Last year my January walk up into the meadow’s deep snow was on a sunless, stormy day. And I recall setting a high ISO so I could get a shutterspeed that would let me handhold my camera, and then returning home in a snowstorm.
This time I mounted a light-weight, 18-105mm lens on my camera, stuck an old tea towel in my pocket in case I got my camera wet from the snow, and headed out in the balmy minus 3C day under a bright, almost-cloudless, blue sky. And instead of struggling with low, flat light, my ISO was set at 400; and I added a polarizing filter to darken the skies, increase the contrast in the scene, and suppress glare from the surface of the bright white snow.
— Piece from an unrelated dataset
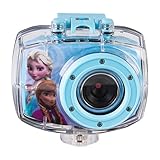 Disney Frozen 78027 Action Camera with Accessories with 1.8" LCD Screen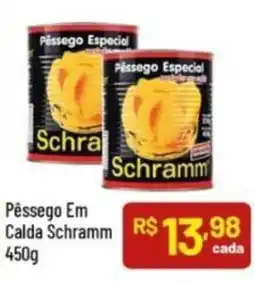 Supermercados Goes Pêssego em calda schramm oferta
I trekked up the hill, and as I had so many times before photographed everything. When I stroll up into that long meadow I rarely see animals, however, they are surely there hiding, and I did hear a snort from something as it moved through the trees, and when I began to cross the meadow a crow cried a warning to hidden watchers, then everything quieted, and the only sound was from my snowshoes and my camera shutter as I photographed the Thompson River valley far below and the tracks I made through the meadow.
My last article was entitled, “What Makes Photographers Happy?” Photographers wrote me noting that, “there is nothing like a new lens” or “fun day with my clients”, and I can’t agree more. I must include the words of three bloggers that sent their comments to me: Northern Desert photography, Nature Photography by Martin Ryer and Jane Lurie Photography.
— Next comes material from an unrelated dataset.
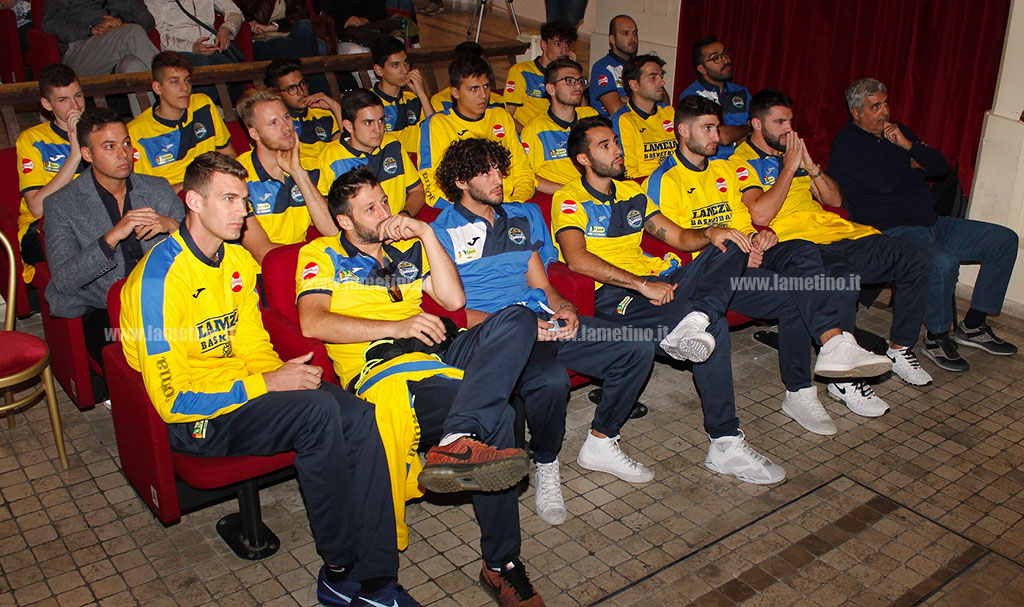 Al via la nuova stagione del Basketball Lamezia, presentazione in ricordo di Angela Scaramuzzino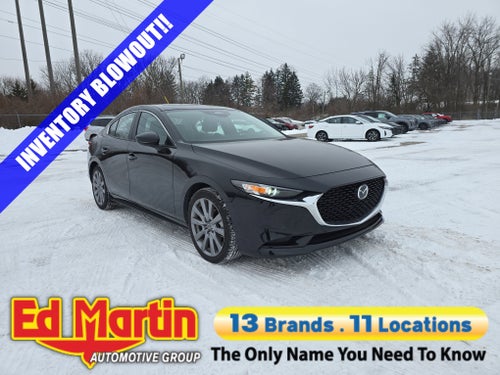 2025 Mazda Mazda3 Sedan 2.5 S Preferred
The first from blogger Northern Desert says that happiness is “The process of being out in nature searching for the shot, be it landscape or wildlife. I love the post processing, editing job. So fun to see what you can do with software. Love talking with and interacting with other photographers about photography.”
I also had to pause and think a moment about the words of blogger Martin Ryer who wrote about when he has“…results that exceed or even completely differ from any preconceptions I may have had. It’s when this happens that I feel myself entranced by all of the possibilities that photography offers.”
Blogger Jane Lurie’s comment is delightful, “…I’m very happy when my final result is actually what I conceived in my head when I saw the shot. Capturing that small moment in time is a beautiful thing.”
What great thoughts on photographic happiness and I agree with everyone. As for me, I will include the following from philosopher and theologian, Paul Tillich, who wrote, ” Language…has created the word ‘loneliness’ to express the pain of being alone. And it has created the word ‘solitude ‘ to express the glory of being alone.” To those words I will add that my quiet, solitary walk and photo excursion on snowshoes made me happy.